Évoquer sa mémoire aujourd’hui, c’est se confronter à une vague d’émotions, une tristesse profonde et insondable. Son départ a emporté avec lui une partie de nous, de nos rêves et de nos aspirations. Mais au-delà de ce chagrin inconsolable, nous avons le devoir de raviver, dans nos cœurs, l’énergie vibrante de la vie qu’il chérissait tant.
Bien plus qu’un simple camarade, Rachid Hamdad était une lumière dans nos vies. Sa présence rayonnait d’humanité, de courage et de justesse. Il incarnait la fidélité dans l’amitié, la rigueur dans le combat et la modestie dans la grandeur. Toujours fidèle à ses convictions, Rachid restait profondément attaché à sa culture et à son identité amazighe. Sa passion pour les causes qu’il défendait ne connaissait ni relâchement ni compromis.
Rachid brillait par ses multiples facettes : militant, journaliste, écrivain, humaniste. Sa plume, trempée dans l’encre des vérités et des luttes, dénonçait les injustices et témoignait des souffrances d’un peuple. Il ne se contentait pas d’observer ; il agissait, il interpellait, avec une précision intellectuelle qui forçait le respect. Ceux qui l’ont côtoyé se souviennent de son calme, de sa clairvoyance et de son sens infaillible de la justice. Rachid était une force tranquille, un roc inébranlable dont la douceur et l’affabilité charmaient tous ceux qui croisaient sa route.

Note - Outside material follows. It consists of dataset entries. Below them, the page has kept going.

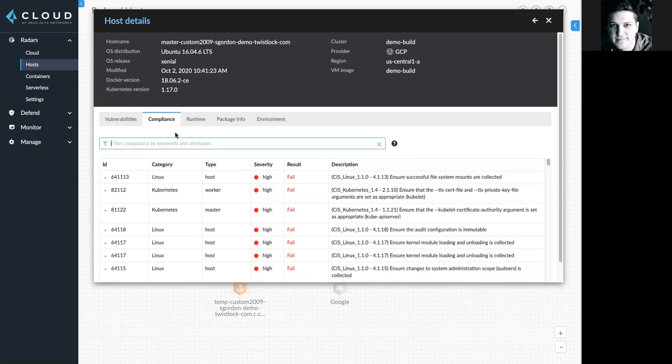Clicking on the compliance tab, I can see any of the compliance checks mapped to this specific entity. Prisma Cloud provides customizable configurations for the Linux, Docker, Kubernetes, and AWS CIS benchmarks.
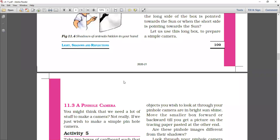The second topic is a pinhole camera. We will discuss this topic in the next class. Thank you.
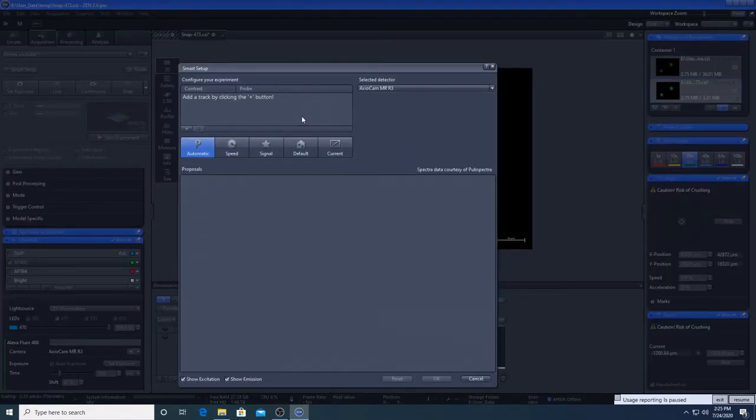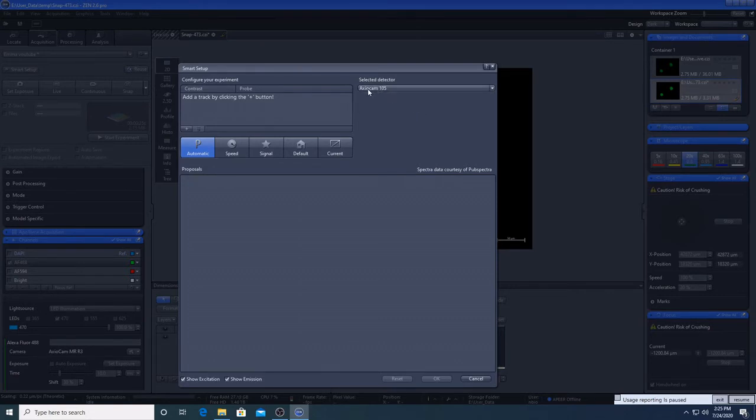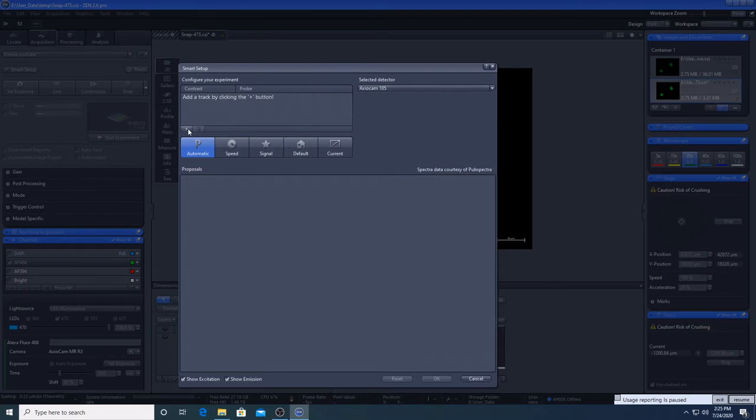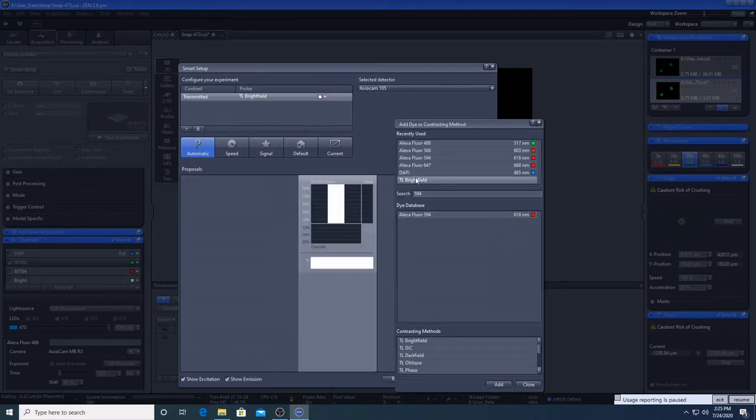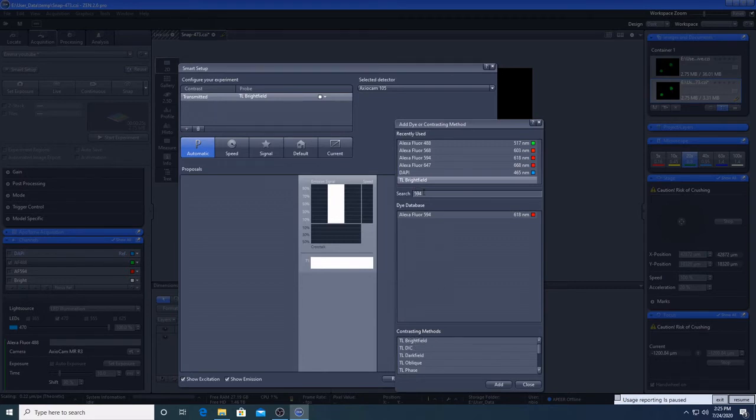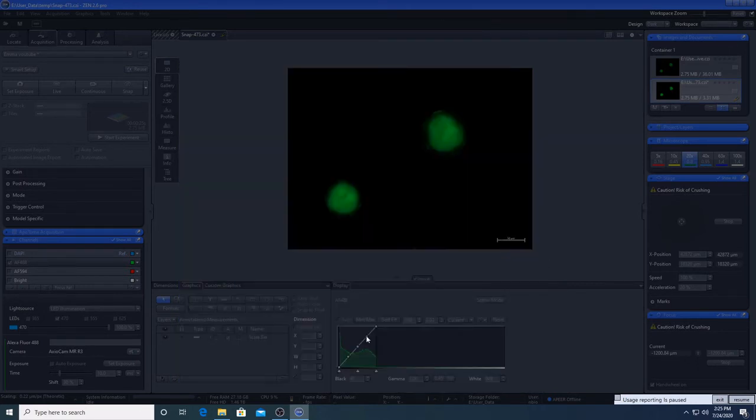I'm now going to cover taking an image with transmitted light and the color camera. So we'll select the color camera there, Axiocam 105, and we're going to add a bright field channel. That's already there, so you can double click it from there. Or as I said before, you can just search for anything. So we close, and we go OK.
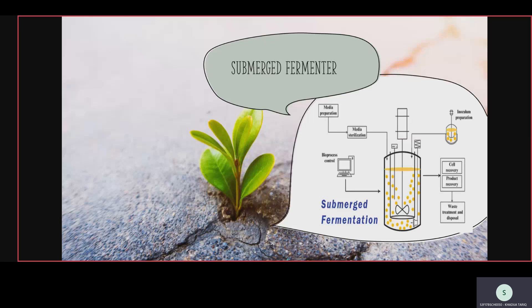When the fermenter forms the desired product, it is sterilized, separated, purified — product recovery takes place. Then we dispose of and treat the waste that is formed. This is an industrial diagram of submerged fermentation with bioprocess control using microorganisms.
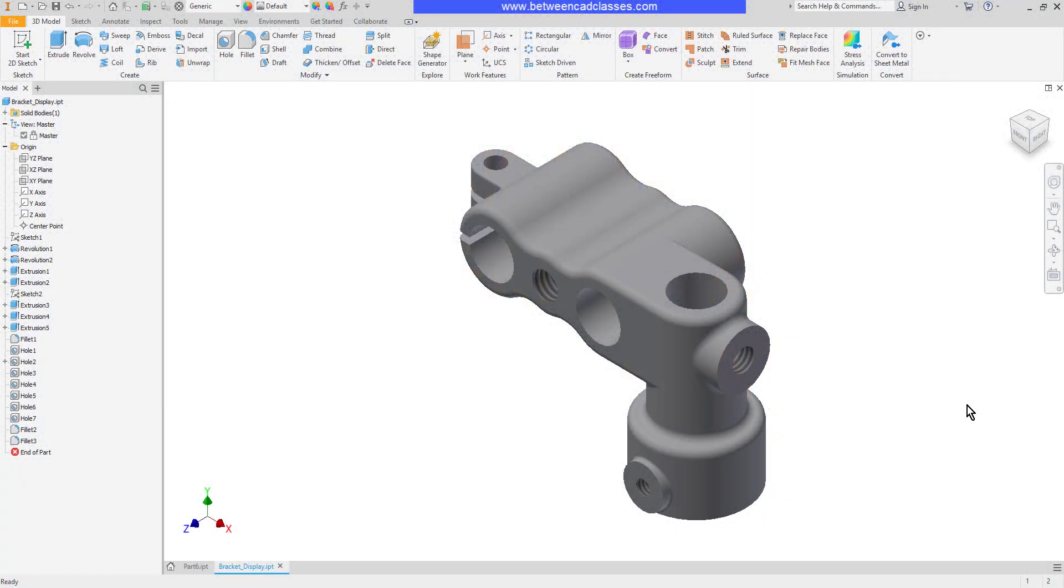In this video we will take a look at how we can adjust our Autodesk Inventor model by changing the order in which features were created and also by suppressing features.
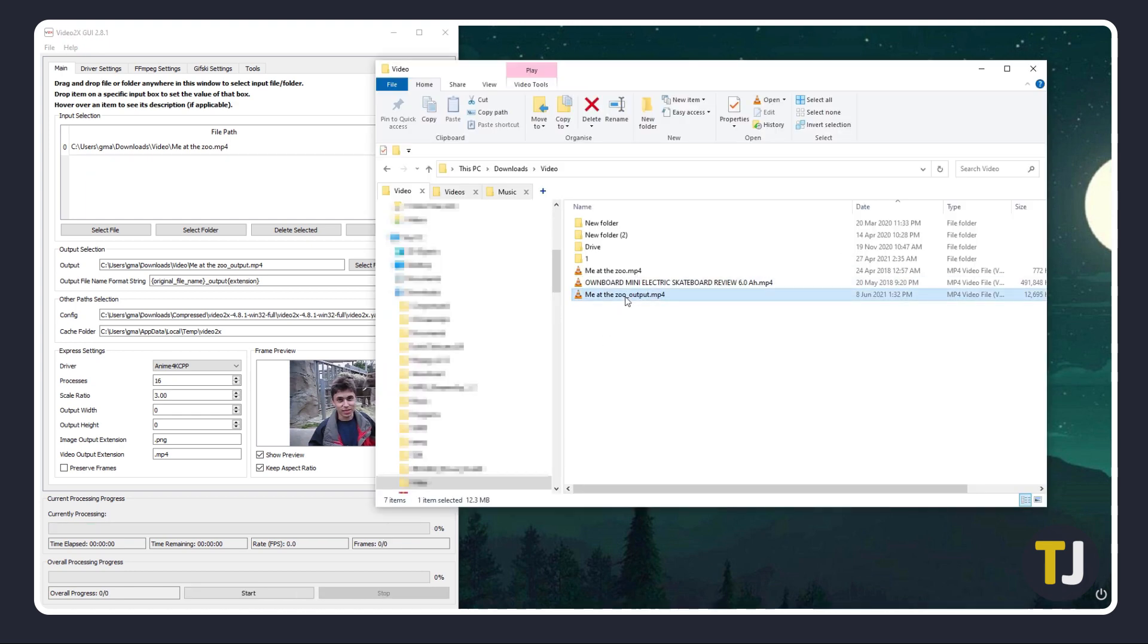Once you're done, the finished video will show up in the same folder as your source file with the _output added to its file name. Any issues or errors that pop up may have to do with either your file or hardware.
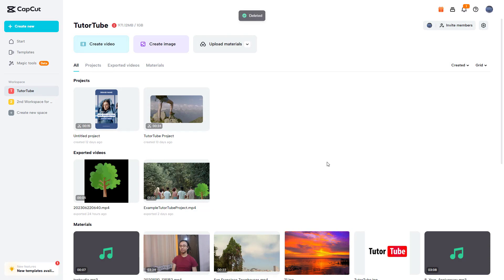And that is how you can utilize the delete and rename project options inside of CapCut. I hope you guys learned something. As always, please like, comment, share, and subscribe.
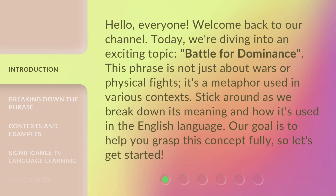Hello, everyone, welcome back to our channel. Today, we're diving into an exciting topic: Battle for Dominance. This phrase is not just about wars or physical fights — it's a metaphor used in various contexts. Stick around as we break down its meaning and how it's used in the English language. Our goal is to help you grasp this concept fully, so let's get started.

Né à Boudjelil, il portait en lui l’âme de sa région et la revendiquait avec fierté. Sa passion pour la culture et la langue amazighe transparaissait dans ses écrits et dans ses engagements quotidiens.
Scientifique de formation, il abordait chaque sujet, chaque lutte, avec une rigueur intellectuelle et un esprit critique exceptionnels. Ceux qui l’ont connu se souviennent d’un homme jovial, serviable et modeste, dont la simplicité reflétait une grandeur d’âme rare.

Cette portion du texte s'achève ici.